__Data shown__
......

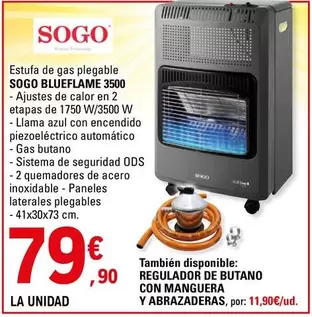 Oferta de Sogo - Blueflame 3500 Estufa De Gas Plegable por 79,9€ en E.Leclerc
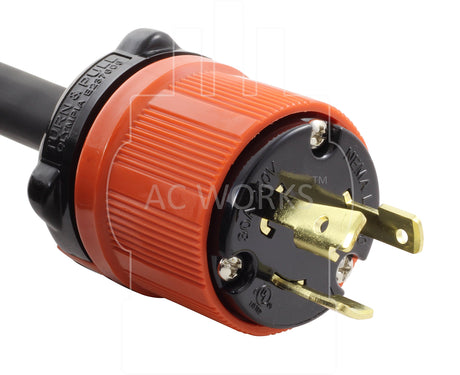 AC WORKS NEMA L6-30 Rubber SOOW 10/3 Extension Cord (100FT) AC WORKS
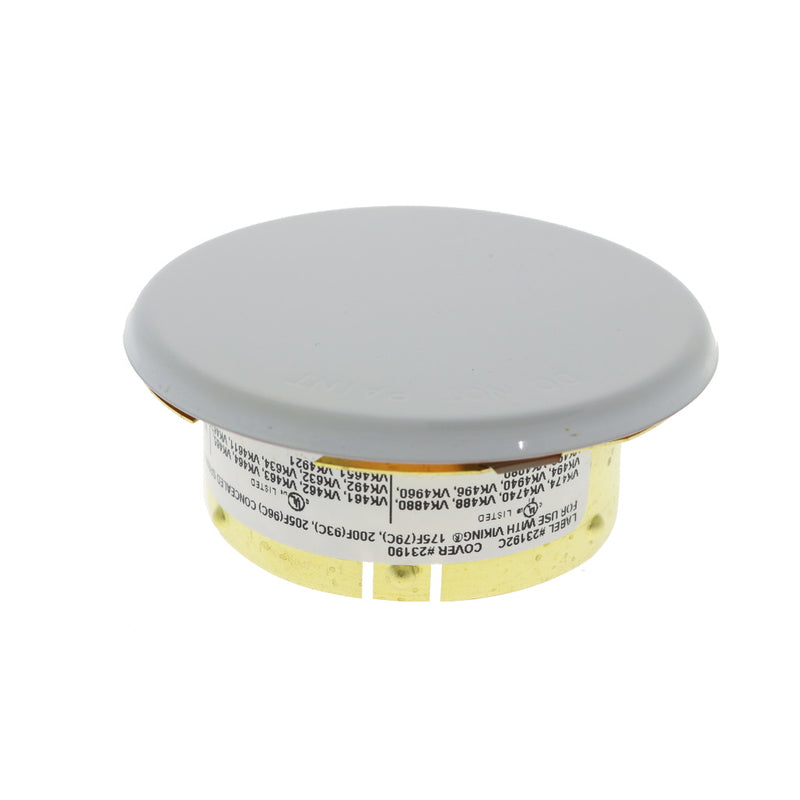 Viking Mirage Cover 23190 Label 23192C Thread On Concealed Fire Sprinkler Cover Plate Escutcheon, Standard 2 3/4" OD, White, 165 Degree White Label, 23190MC/W - WeSupplyIt.com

......

__Work instruction__
Only the lines from the one with "AC WORKS NEMA" through the end of the listing should be transcribed, exactly and without pictures.

__Output__
 AC WORKS NEMA L6-30 Rubber SOOW 10/3 Extension Cord (100FT) AC WORKS
 Viking Mirage Cover 23190 Label 23192C Thread On Concealed Fire Sprinkler Cover Plate Escutcheon, Standard 2 3/4" OD, White, 165 Degree White Label, 23190MC/W - WeSupplyIt.com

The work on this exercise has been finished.